#All the world's knowledge, in yer mongodb get a crazy-ass 10Gb wikipedia xml dump straight into mongo, without thinking, without loading it into memory, and without any intermediate files, grepping, or nonsense.
this library uses xml-stream to navigate the large xml file, and wtf_wikipedia to parse the article contents into pretty JSON.
Using these tools, you can get a queryable wikipedia on a laptop in an afternoon.

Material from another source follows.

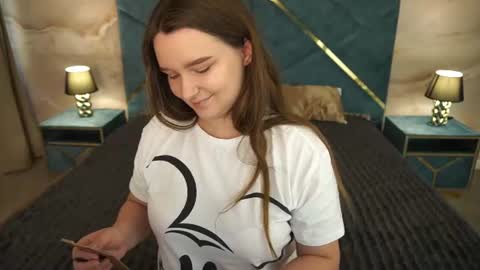 Emily online show from July 15, 6:18 am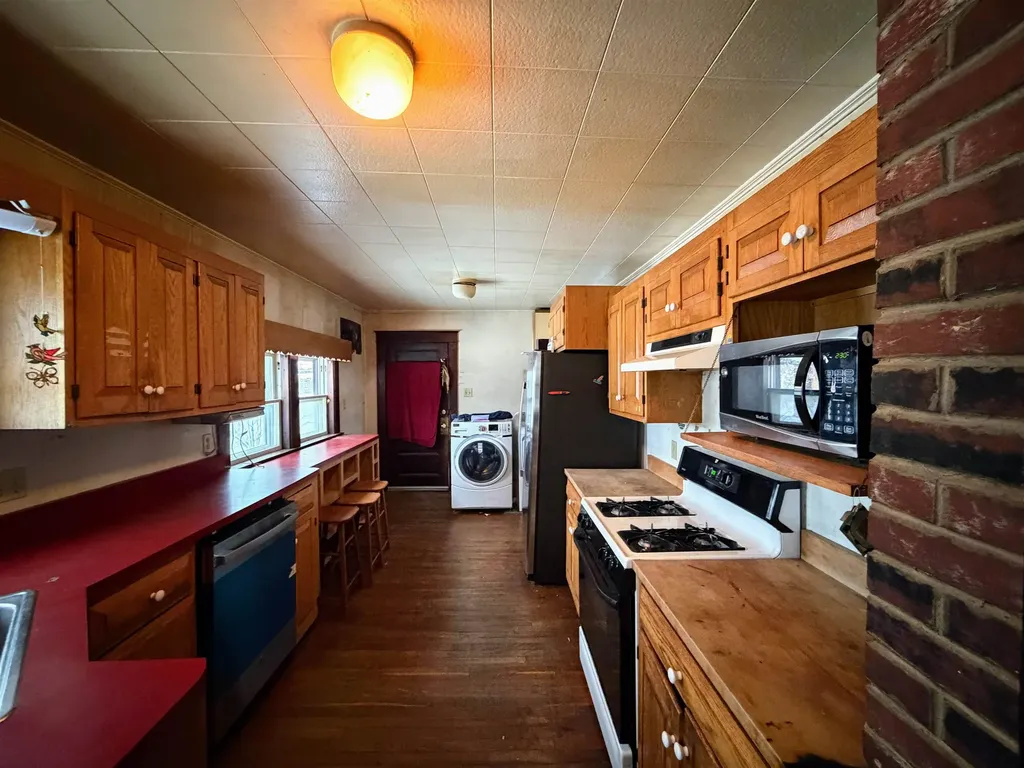 79 Merrill Street Springfield VT 05156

dependency node-expat requires node <= v0.10.33
The Afrikaans wikipedia (only 33 556 artikels) only takes a few minutes to download, and 10 mins to load into mongo on a macbook.
wget https://dumps.wikimedia.org/afwiki/latest/afwiki-latest-pages-articles.xml.bz2 #(38mb, couple minutes)

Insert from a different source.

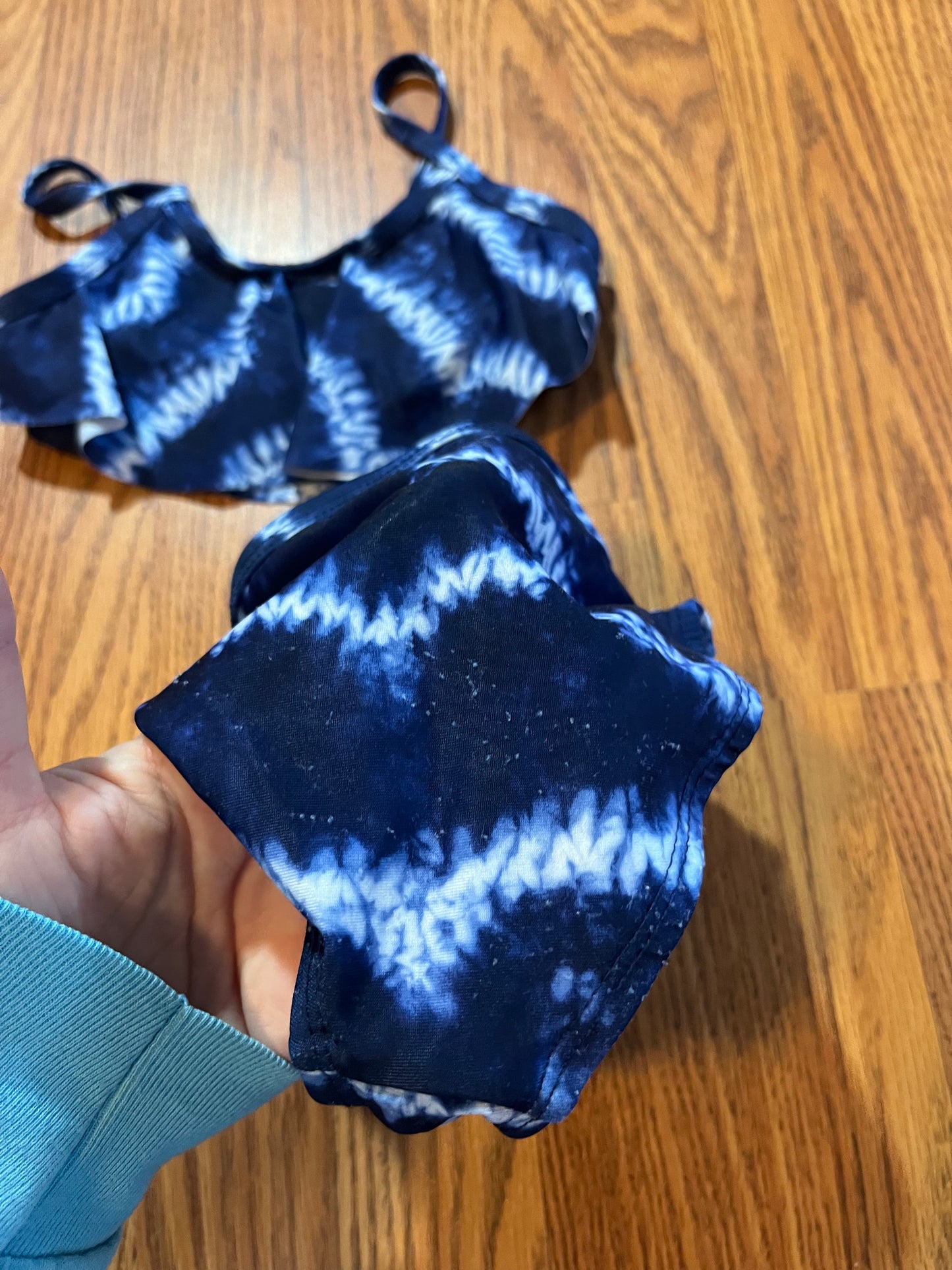 Gymboree girls swimming suit size 4 (some wear in the bottom as shown but not awful)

bunzip2 ./afwiki-latest-pages-articles.xml.bz2 #(180mb, couple seconds)
node index.js afwiki-latest-pages-articles.xml #(couple minutes)
yahoo!
to view your data now,
mongo
use af_wikipedia
//shows a random page
db.wikipedia.find().skip(200).limit(2)
//count the redirects (~4,000 in afrikaans)
db.wikipedia.count({type:"redirect"})
//find a specific page
db.wikipedia.findOne({title:"Toronto"}).categories
the english wikipedia will work under the same process, just a little slower.